The Rumor Mill and The Wait

Many have complained about the long time it took the campaign to issue any kind of statement. In the meantime, many people swallowed the Salon rumors about firings as true. We need to remind ourselves that we, the bloggers, live not on a 24-hour news cycle but on a 24-second news cycle. We want instant gratification immediatelly pronto right now. The Marcotte/McEwen issue was really big for us, for legitimate reasons (see all the links I posted yesterday for some excellent coverage), but it was not so big if you step back and look at the big picture. There wasn't barely anything in the MSM about this - after all, Anna Nicole Smith died, and there is trouble in Iraq, and there is Libby trial.... There is another year before Iowa, almost two before the General election. We reacted to a brief AP article that found itself in the NYT and WaPo - something that almost 300 million Americans did not read.

I have no idea what went on in the campaign during the past day or two. But I can imagine, so let me indulge in it for a minute...

I think that some people have this notion that John Edwards and all of his campaign managers and staffers sit around the HQ all day and eat pizza. I've been to his HQ a number of times during 2003/2004 bid as well as the current race. There are a few staffers there, extremely busy doing their jobs - crunching numbers, fundrasing, calling people, etc. There are preumably others doing their, somewhat different jobs up in D.C. Others are likely stationed in Iowa, New Hampshire, Nevada and South Carolina doing their jobs there. Edwards himself is travelling around the country giving speeches and attending fundrasiers a couple of times a day, with some of the staffers travelling with him.

When the hiring of bloggers provoked the silly outrage on Right-wing blogs, they probably - and wisely - decided to ignore it.
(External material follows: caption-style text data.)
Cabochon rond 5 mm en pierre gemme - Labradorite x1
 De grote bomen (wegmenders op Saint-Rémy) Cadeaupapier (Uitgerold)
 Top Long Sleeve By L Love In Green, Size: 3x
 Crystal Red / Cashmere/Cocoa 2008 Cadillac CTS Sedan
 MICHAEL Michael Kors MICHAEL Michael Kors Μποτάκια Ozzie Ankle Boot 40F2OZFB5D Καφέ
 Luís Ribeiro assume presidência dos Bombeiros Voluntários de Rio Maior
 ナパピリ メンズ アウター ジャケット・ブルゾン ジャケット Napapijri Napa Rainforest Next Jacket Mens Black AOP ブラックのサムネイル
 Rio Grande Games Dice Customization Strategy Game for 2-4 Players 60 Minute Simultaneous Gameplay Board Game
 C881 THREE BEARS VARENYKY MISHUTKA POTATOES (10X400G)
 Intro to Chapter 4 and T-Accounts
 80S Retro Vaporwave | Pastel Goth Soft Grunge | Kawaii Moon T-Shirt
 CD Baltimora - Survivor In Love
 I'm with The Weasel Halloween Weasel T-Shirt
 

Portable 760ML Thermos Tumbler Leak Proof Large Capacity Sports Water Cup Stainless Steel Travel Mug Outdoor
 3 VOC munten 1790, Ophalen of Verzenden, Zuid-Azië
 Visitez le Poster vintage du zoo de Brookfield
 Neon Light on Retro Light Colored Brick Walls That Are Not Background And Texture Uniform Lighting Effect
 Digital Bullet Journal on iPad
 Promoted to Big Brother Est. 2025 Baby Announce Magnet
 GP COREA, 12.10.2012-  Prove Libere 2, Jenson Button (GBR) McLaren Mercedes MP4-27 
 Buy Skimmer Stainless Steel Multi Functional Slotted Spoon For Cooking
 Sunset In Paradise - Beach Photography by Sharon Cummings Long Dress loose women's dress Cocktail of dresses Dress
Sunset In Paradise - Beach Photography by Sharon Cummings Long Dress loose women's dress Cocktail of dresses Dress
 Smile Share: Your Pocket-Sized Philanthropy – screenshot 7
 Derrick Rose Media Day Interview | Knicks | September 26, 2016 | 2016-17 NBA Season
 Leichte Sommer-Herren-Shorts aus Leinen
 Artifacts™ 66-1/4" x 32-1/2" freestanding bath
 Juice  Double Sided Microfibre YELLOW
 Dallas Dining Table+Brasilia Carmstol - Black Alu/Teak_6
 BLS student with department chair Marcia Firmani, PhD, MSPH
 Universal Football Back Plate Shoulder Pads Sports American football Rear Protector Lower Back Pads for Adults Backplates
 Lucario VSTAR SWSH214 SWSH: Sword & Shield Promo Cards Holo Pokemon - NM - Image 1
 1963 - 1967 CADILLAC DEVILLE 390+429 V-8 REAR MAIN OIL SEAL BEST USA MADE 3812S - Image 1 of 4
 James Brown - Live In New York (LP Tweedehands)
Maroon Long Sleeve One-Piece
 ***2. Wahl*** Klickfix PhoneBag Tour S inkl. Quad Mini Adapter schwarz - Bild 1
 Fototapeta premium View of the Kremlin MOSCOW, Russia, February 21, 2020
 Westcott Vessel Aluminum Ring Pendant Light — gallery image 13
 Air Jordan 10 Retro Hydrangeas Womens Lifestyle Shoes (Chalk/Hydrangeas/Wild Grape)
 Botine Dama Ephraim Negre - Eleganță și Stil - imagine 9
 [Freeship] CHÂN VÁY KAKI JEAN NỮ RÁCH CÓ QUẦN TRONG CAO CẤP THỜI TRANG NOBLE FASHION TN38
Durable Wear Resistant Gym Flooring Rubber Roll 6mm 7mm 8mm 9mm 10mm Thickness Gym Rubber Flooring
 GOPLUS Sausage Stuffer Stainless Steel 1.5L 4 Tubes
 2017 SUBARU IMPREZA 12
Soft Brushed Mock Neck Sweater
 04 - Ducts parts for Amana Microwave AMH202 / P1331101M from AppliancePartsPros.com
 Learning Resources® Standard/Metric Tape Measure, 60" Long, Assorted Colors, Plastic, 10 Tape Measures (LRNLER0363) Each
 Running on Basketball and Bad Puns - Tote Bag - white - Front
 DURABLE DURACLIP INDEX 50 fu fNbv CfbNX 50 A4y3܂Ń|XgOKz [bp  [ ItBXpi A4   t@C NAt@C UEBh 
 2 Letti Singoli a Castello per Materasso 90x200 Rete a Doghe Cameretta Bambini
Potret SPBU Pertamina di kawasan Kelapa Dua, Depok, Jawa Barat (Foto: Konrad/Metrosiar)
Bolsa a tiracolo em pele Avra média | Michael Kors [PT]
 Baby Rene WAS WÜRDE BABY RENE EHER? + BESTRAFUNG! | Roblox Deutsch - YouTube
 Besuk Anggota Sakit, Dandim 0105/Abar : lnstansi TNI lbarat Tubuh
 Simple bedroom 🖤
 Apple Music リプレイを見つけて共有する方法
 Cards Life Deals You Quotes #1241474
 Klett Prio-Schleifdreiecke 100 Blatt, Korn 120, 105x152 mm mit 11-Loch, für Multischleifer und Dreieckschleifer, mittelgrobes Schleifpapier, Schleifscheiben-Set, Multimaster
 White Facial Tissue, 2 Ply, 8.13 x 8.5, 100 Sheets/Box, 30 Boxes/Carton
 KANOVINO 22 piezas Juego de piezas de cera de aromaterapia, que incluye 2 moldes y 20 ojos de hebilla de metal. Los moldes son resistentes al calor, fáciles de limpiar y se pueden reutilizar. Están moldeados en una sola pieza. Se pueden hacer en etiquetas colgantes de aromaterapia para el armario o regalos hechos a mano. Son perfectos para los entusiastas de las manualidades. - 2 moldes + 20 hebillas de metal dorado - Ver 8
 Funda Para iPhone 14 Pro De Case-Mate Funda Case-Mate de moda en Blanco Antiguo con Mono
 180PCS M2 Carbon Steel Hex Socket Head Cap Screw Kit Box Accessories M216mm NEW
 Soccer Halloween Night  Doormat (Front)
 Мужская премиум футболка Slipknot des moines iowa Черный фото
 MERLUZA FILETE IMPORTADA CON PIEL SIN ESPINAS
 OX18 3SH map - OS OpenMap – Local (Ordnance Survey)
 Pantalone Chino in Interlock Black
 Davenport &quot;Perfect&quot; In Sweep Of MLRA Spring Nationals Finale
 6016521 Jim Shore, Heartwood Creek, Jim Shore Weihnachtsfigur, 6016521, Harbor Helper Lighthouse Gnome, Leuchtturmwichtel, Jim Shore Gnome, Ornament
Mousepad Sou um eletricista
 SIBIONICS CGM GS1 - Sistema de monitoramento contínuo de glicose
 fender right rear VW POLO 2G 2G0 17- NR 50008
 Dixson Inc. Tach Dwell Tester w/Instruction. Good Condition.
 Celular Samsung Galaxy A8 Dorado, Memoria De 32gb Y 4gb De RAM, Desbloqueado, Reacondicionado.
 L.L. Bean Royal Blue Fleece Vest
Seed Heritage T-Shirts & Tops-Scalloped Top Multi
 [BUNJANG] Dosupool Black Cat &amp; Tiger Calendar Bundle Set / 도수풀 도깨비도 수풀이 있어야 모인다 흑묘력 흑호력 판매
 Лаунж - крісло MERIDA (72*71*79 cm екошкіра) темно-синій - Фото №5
When the Pickler hit-piece and the Salon rumor provoked all the outrage on the Lefty blogosphere, they probably felt they had to respond somehow. So, I can imagine that a few people were pulled from their normal jobs and assigned to work on this. They were probably not even all in the same part of the country at the time, so they communicated by phone or e-mail. It took them some time to do all this - far longer than our impatience could stand. I can imagine internet-savvy staffers trying to explain that bloggers are not some strange animals but the core supporters who, for the first time in history, can talk back to the campaign as well as to voters, other activists etc. I can imagine the old-time campaign managers being uneasy about being talked to by the bloggers, but they bring enormous campaigning experience they accumulated over many campaigns over decades. Sometimes, this experience suggests that patience is the best course of action.

Then, I guess at some point, they had to call Edwards and tell him what they think. He probably talked to Elizabeth, to Amanda and Shakes, and to his key campaign personnel. But this was a side-show for him today. He had a big event in South Carolina which was much more important than the question of bloggers. Who knows, perhaps some of the last-millenium types suggested firing due to ignorance of the new media landscape. But Edwards understands the Internet and the importance of bloggers/activists/supporters. I have no doubt that, at some point during the day when he had a few minutes to devote to this, he did not have to ponder too long about the decision. It was just a matter of crafting the message that will make everyone happy - excluding the Wingnuts who are irrelevant as they are not potential voters. So, he wrote a statement of support for his bloggers. And he wrote it in a way that calmed down the religious supporters who are many, and just as important for the campaign. I may not like the tone, or even the subtance of it, but that was the most politically savvy message he could make.

The Religion Question

As someone who spent enormous amount of time on his campaign blog back in 03/04 I can tell you that majority of his supporters (just like majority of Americans) are religious. Hundreds of comments and diaries were posted by people who stated that they supported Edwards because his message resonated with what they consider to be their personal religious beliefs. And I respect that even if I believe their progressivism came first and religion is just parasitically riding along, i.e., they are interpreting religion through the prism of their liberal worldviews, just like fundies cherry-pick their beliefs according to their conservative worldviews. Edwards cannot diss them, even if he wanted to (which I doubt as he himself comes from a deeply religious background) - that would be politically suicidal.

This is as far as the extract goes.